WHAT YOU HAVE TO DO: Leave out the images and return all the data word for word.
◇ ◇ ◇ ◇ ◇ ◇ ◇
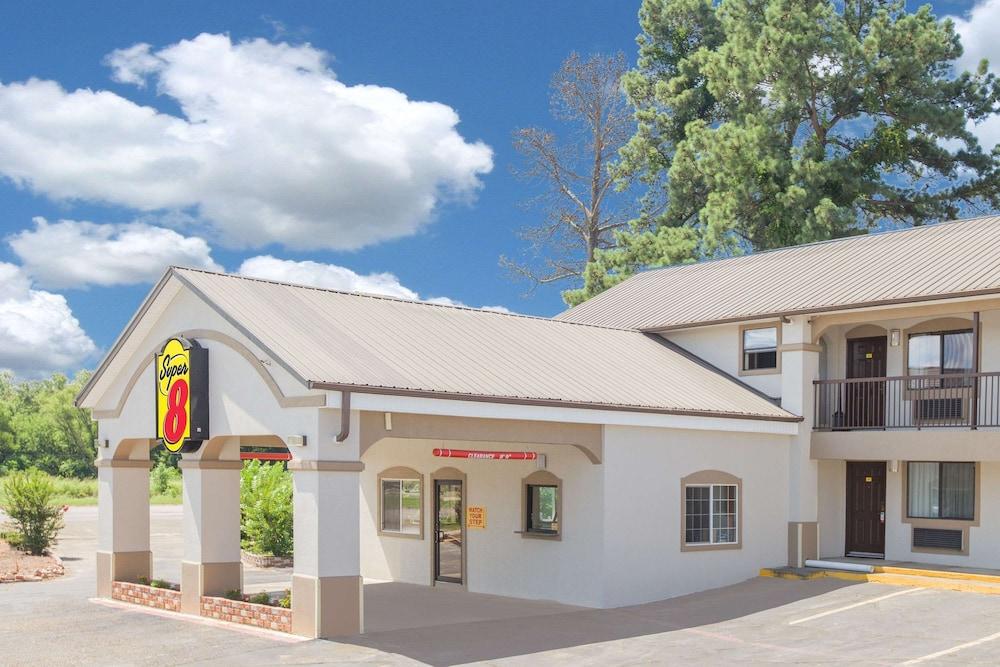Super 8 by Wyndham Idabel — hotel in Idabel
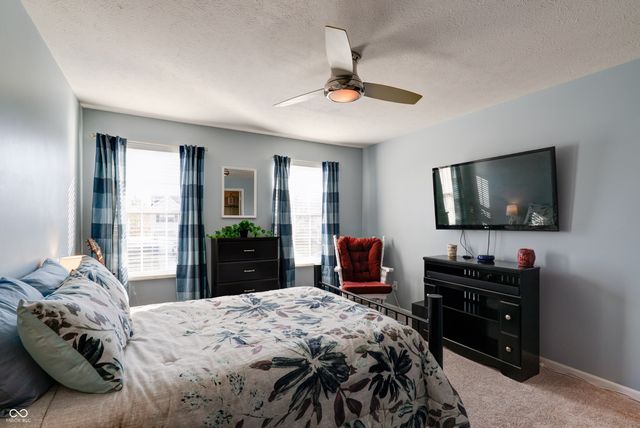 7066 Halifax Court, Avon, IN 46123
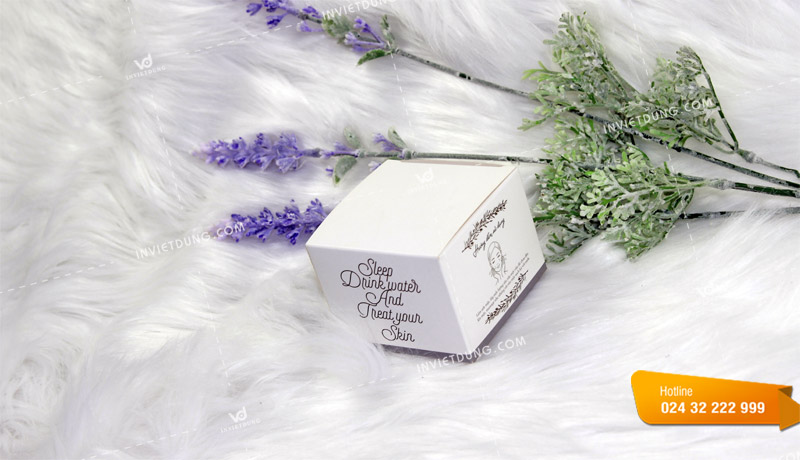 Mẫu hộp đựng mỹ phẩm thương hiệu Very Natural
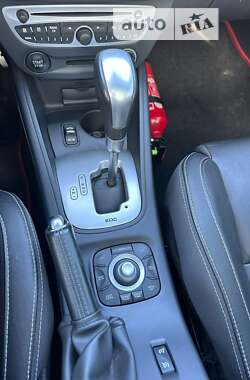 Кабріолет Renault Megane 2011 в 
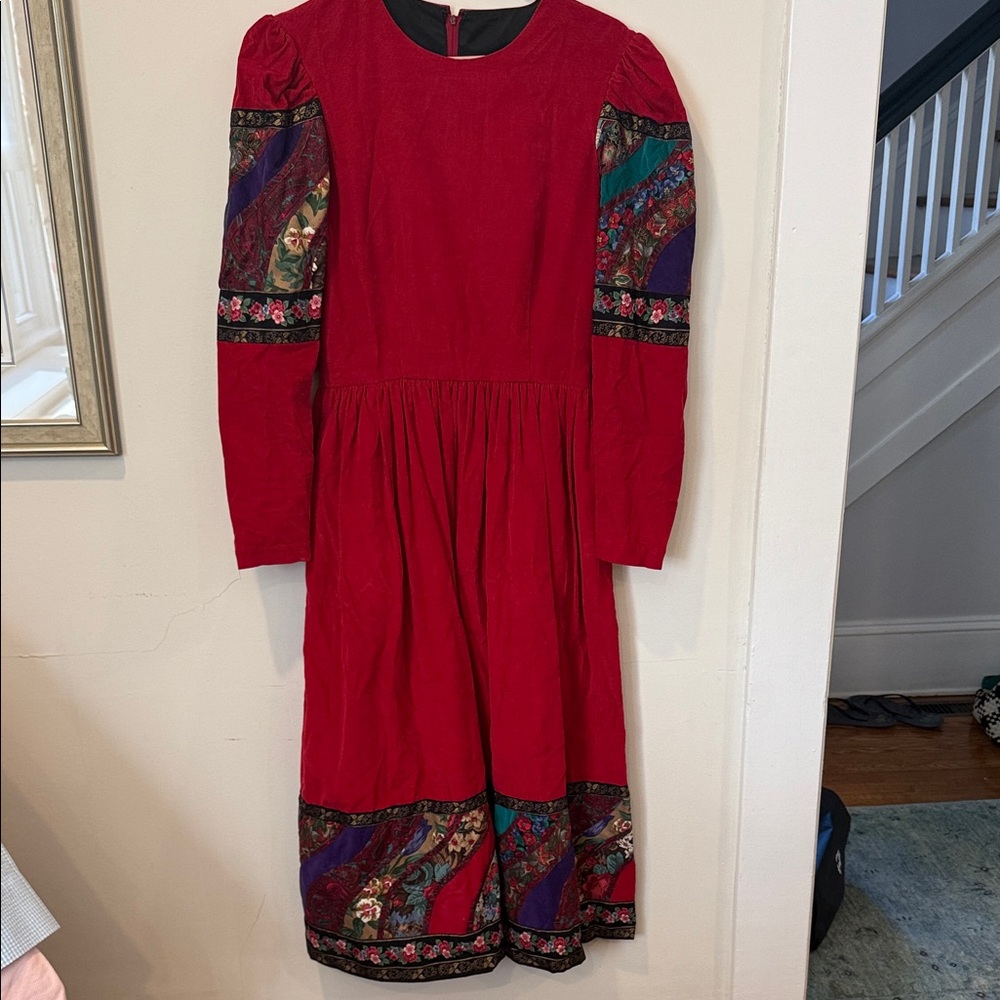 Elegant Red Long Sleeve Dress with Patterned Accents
◇ ◇ ◇ ◇ ◇ ◇ ◇
OUTPUT OF THE TASK:
Super 8 by Wyndham Idabel — hotel in Idabel
 7066 Halifax Court, Avon, IN 46123
 Mẫu hộp đựng mỹ phẩm thương hiệu Very Natural
 Кабріолет Renault Megane 2011 в 
 Elegant Red Long Sleeve Dress with Patterned Accents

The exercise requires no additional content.